C'est là quelque chose de fondamental. Que l'on parle d'impôt
sur le plan économique ou même sur le plan technique ou
juridique, on oublie que l'impôt est un acte politique. C'est
la vie de la société. Il faut donc forcément se
reposer la question des grands choix du Parlement. Le citoyen aimerait
peut être sollicité plus souvent au niveau des dépenses
parce que l'on peut effectivement considérer qu'il y a des dépenses
importantes et d'autres non. On disait bien, au début, dans la
définition de l'impôt, qu'il était obligatoire mais
que l'on ne décidait pas de son affectation. Ce sont les élus,
représentants des citoyens, qui décident là où
l'effort doit être porté. Dans ce cas là, la motivation
pour payer les impôts serait plus grande, y compris chez ceux
qui demandent de les baisser.
Pascale Fourier
: Est-ce l'orientation qui est prise avec les discussions actuelles
sur le budget de l'état ?
Michel Prat : Le
souhait récent du ministère de l'intérieur est
d'augmenter les moyens de l'état afin d’assurer la sécurité
dans les quartiers et autres. C'est vrai que c'est au niveau du budget
de l'état que la répartition des impôts se décide.
Mais ces choix ont tendance à être noyés dans des
choix difficiles. Lorsque l'on regarde le vote du parlement, on voit
que 96% des choix sont identique à l'année précédente,
satisfaisant ainsi les mêmes besoins. On s'aperçoit que
la marge de manœuvre est faible. C'est peut être dans cette
direction qu'il faudrait retravailler, se reposer un certain nombre
de questions. Mais cela demande une intervention des citoyens dans la
vie publique. On a pu voir, sur le plan local, des listes allant en
ce sens aux dernières élections municipales.
Pascale Fourier
: Existe-t-il des moyens pour les citoyens de mettre le nez dans le
budget de l'état ?
Michel Prat : L'état
parait effectivement loin. Cela est d'abord possible par le vote de
nos représentants, mais également en s'y intéressant,
en s'informant ou même lorsque nous sommes sollicités dans
notre vie quotidienne. Ne faudrait-il pas, par exemple, mettre un peu
plus d'argent au niveau des transports en commun dans les grandes agglomérations?
Et la fiscalité concernant l'environnement? On s'aperçoit
bien qu’il est très difficile de prendre des décisions.

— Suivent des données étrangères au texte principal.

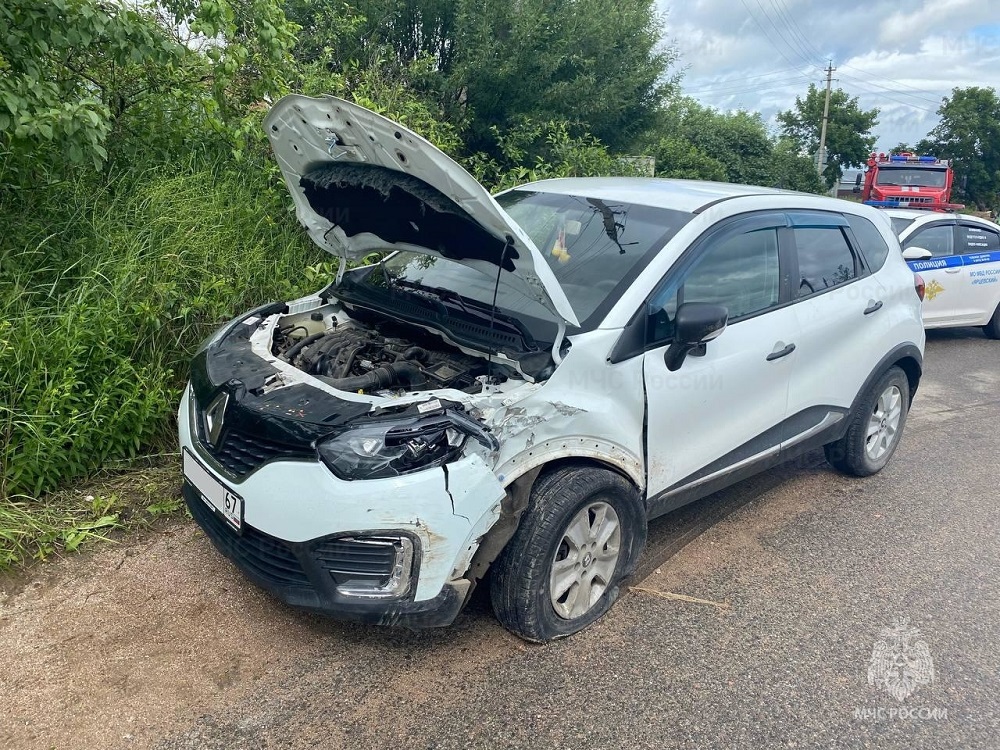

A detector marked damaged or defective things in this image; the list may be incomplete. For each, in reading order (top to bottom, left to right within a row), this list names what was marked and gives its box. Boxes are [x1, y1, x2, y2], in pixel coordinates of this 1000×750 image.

damaged white car [178, 95, 920, 640]
front bumper damage [178, 388, 508, 628]
dented front bumper [178, 388, 508, 628]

On a tendance à vivre sur ce qui existait auparavant et c'est
peut être là où les citoyens doivent intervenir
dans leurs collectivités et auprès de leurs représentants,
en exigeant des comptes rendus. C'est intéressant de savoir les
raisons qui ont poussé un député à voter
un budget qui peut s'orienter vers la défense nationale, l'éducation
ou l'environnement. On peut se demander, par exemple, pourquoi ils ont
abandonné la taxe sur les produits polluants. On peut agir ainsi
directement sur les choix politiques effectués.